The Vaughan Williams Memorial Library (VWML) is the library and archive of the English Folk Dance and Song Society (EFDSS), located in the society's London headquarters, Cecil Sharp House in Camden Town. It is a multi-media library comprising books, periodicals, audio-visual materials, photographic images and sound recordings, as well as manuscripts, field notes, transcriptions etc. of a number of collectors of folk music and dance traditions in the British Isles. According to A Dictionary of English Folklore, "... by a gradual process of professionalization the VWML has become the most important concentration of material on traditional song, dance, and music in the country."

Subjects covered include: Folk/traditional/popular song, Child Ballads, Broadside ballads, Industrial/occupational songs, sea songs/shanties, singing games, Nursery rhymes, Street cries, Carols/hymns, Rounds/glees/part songs, Music hall, Ritual/ceremonial dance, Morris dance/sword dance and a great deal more.

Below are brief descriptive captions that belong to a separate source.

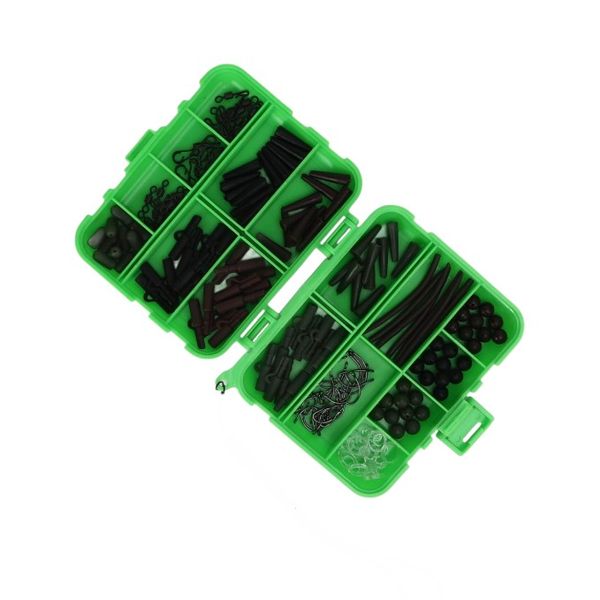175 Pieces Multifunctional Fishing Accessory with Storage Box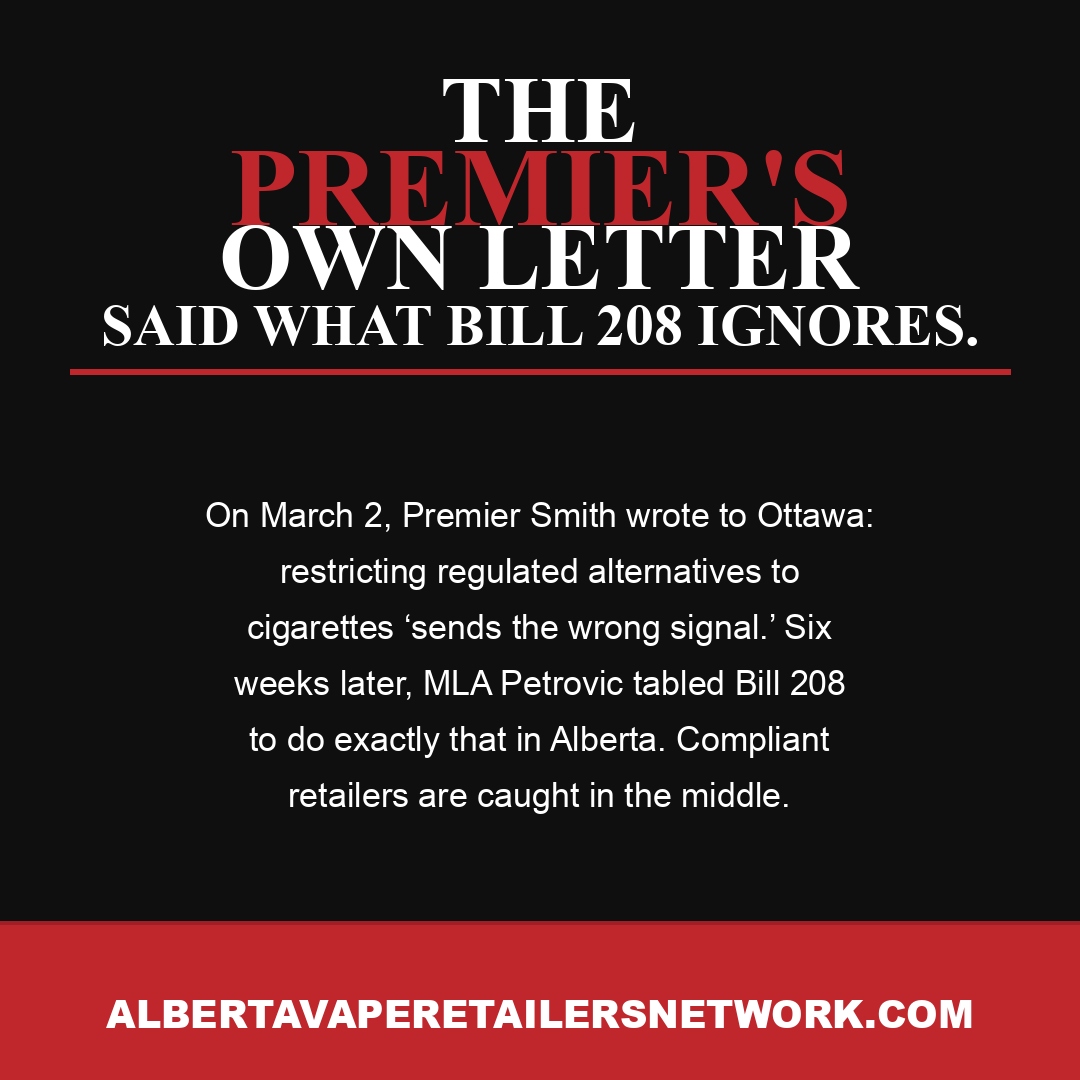 The Premier's own letter said what Bill 208 ignores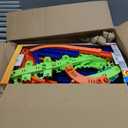 Hot Wheels Track Set, Epic Crash Dash with 5 Crash Zones, Motorized Booster and 1 Hot Wheels 1:64 Scale Toy Car, Easy Storage 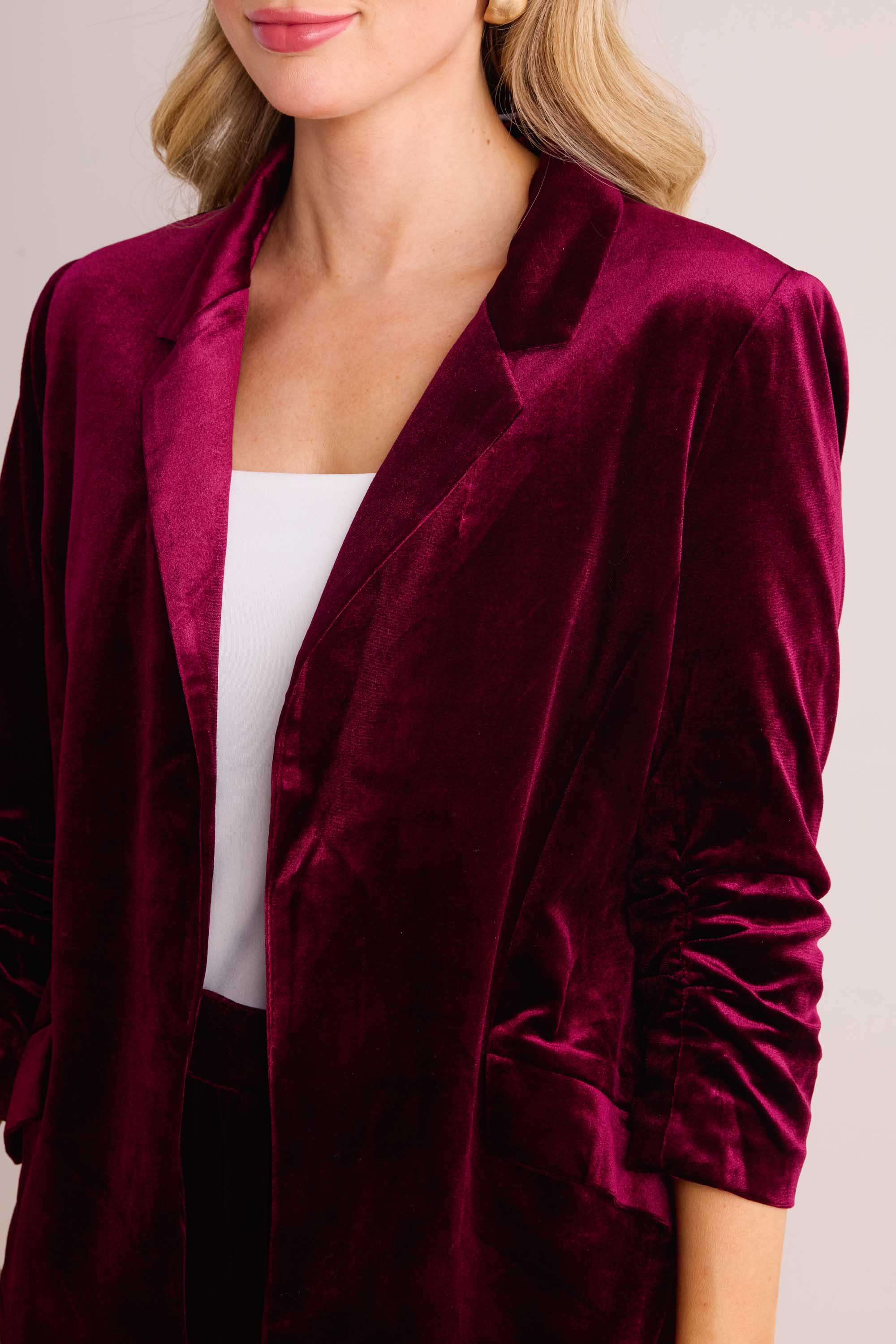 Dawn Blazer- Burgundy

VWML regularly features a variety of conferences and events, including Broadside Day, Library Lectures, the Folk Song Conference, and Special Conferences. VWML has also published resources, including the Folk Music Journal.

==History==

VWML was originally founded as the Cecil Sharp Library in 1930. Sharp's books constituted the bulk of the original library holdings. The first librarian was Joan, Sharp's daughter. In 1940, four bombs hit the Cecil Sharp House during World War II, but the library remained intact. When Ralph Vaughan Williams, composer, collector and past president of the EFDSS, died in 1958, the library was renamed in his honor. The building continued to be designated as the Cecil Sharp House. Over the years the library has added literature, sound and manuscript collections of other folklorists and collectors, such as Lucy Broadwood, Janet Blunt, Anne Gilchrist, George Butterworth, the Hammond brothers and George Gardiner. It also contains copies of the papers and notebooks of Sabine Baring-Gould, Ralph Vaughan Williams, Alfred Williams and James Madison Carpenter; and the field recordings of Percy Grainger, Mike Yates and the BBC Folk Music Archive. From 1979 to 2012, Malcolm Taylor served as the librarian, and then Director, of VWML.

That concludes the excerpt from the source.